Мужу,
вернувшемуся со службы в двенадцатом часу ночи, я никогда не признаюсь,
что в восемь утра, собрав и выгнав его на работу, а сына — в
школу, мы с дочерью забираемся под одеяло и спим до 11-ти.
Учительнице я всегда говорю «семейные обстоятельства», но никогда, что
«проспали». Родители в школе ни за что не узнают, что мои дети регулярно
забывают чистить зубы по утрам и не менее регулярно ложатся спать с
грязными пятками. Когда худеющие подруги сокрушаются, что «опять в
десять вечера чай с двумя овсяными печеньями, какой ужас» я киваю
«да-да-да», но молчу, что это не печенье, а яичница, и не в десять
вечера, а в час ночи. И пару эклеров в придачу. Я знаю, глупо стесняться
пирожных, но всё равно молчу.
А ещё есть вещи, в которых стыдно
признаваться даже самой себе. В том, что одного из своих детей ты всегда
любишь чуточку больше, чем другого. Само собой, того, кто болеет. Кого
не пригласили на день рождения. Кому не дали сиреневую лопатку в
песочнице. Или того, кто отнял эту самую лопатку, за что подвергся
остракизму со стороны бабушек, нянь и прочих надсмотрщиков на детской
площадке.
Самое
ужасное, что сын в таких ситуациях оказывается чаще дочери. Она милая,
добрая и ласковая, её все любят. У него — противный голос,
грязные руки и вообще переходный возраст. Он огрызается, хлопает дверьми
и перебивает взрослых. Он грубит учителям, одноклассникам и уже
начинает грубить мне. Но вместо того, чтобы сказать «ша!» и дать по шее,
я обнимаю его и плачу. Потом мне становится стыдно, я обнимаю дочь. И
тоже плачу. Я знаю, что всё это совершенно непедагогично, поэтому молчу.

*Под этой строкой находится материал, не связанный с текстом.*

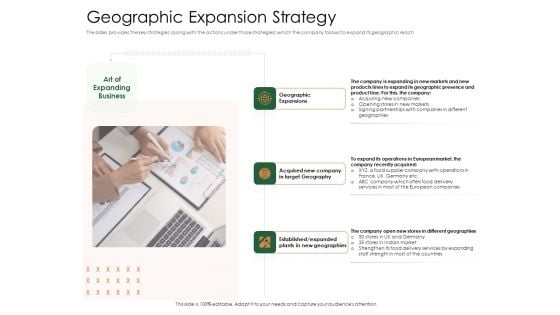 Substitute Financing Pitch Deck Geographic Expansion Strategy Designs PDF Substitute Financing Pitch Deck Geographic Expansion Strategy Designs PDF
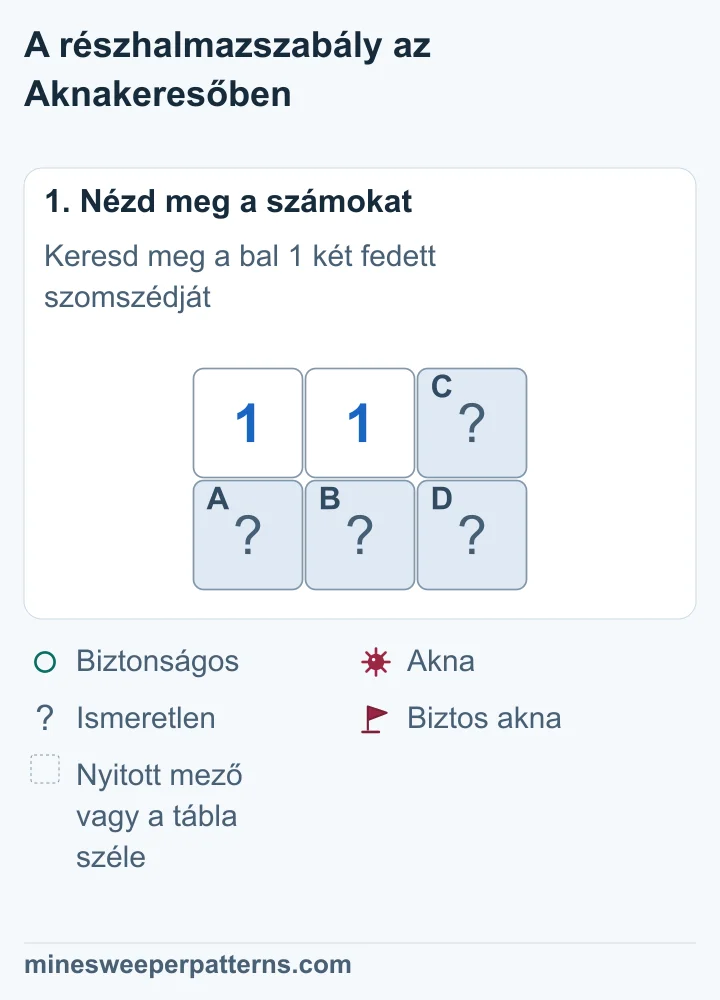 Két sor és három oszlop. Bal felül és fölül középen 1 áll. Jobb felül C fedett. Az alsó sor három fedett mezője balról A, B és D.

Ещё мальчиков всегда жальче, чем девочек. Девочки умнее, приятнее и за них как-то
спокойнее. Мальчики всё время попадают в дурацкие истории, причём по
собственному желанию или потому что у них отсутствует важная извилина в
мозгу. И всё равно — их жальче. Я не могу смотреть фильмы про
войну и про после войны, про детские дома и маленьких беспризорников,
потому что, увидев некрасивую бритую голову и оттопыренные уши, начинаю
рыдать. При этом грустные востроносые девочки с белобрысыми косичками
никакого сочувствия не вызывают, я заранее уверена, что у них всё будет
хорошо. Хоть и знаю, что потом мальчики вырастают и иногда превращаются в
насильников и убийц, а забеременевших девочек выгоняют из дома
родители, бьют мужья и обижают их собственные дети. Всё равно маленьких
мальчиков я люблю больше маленьких девочек.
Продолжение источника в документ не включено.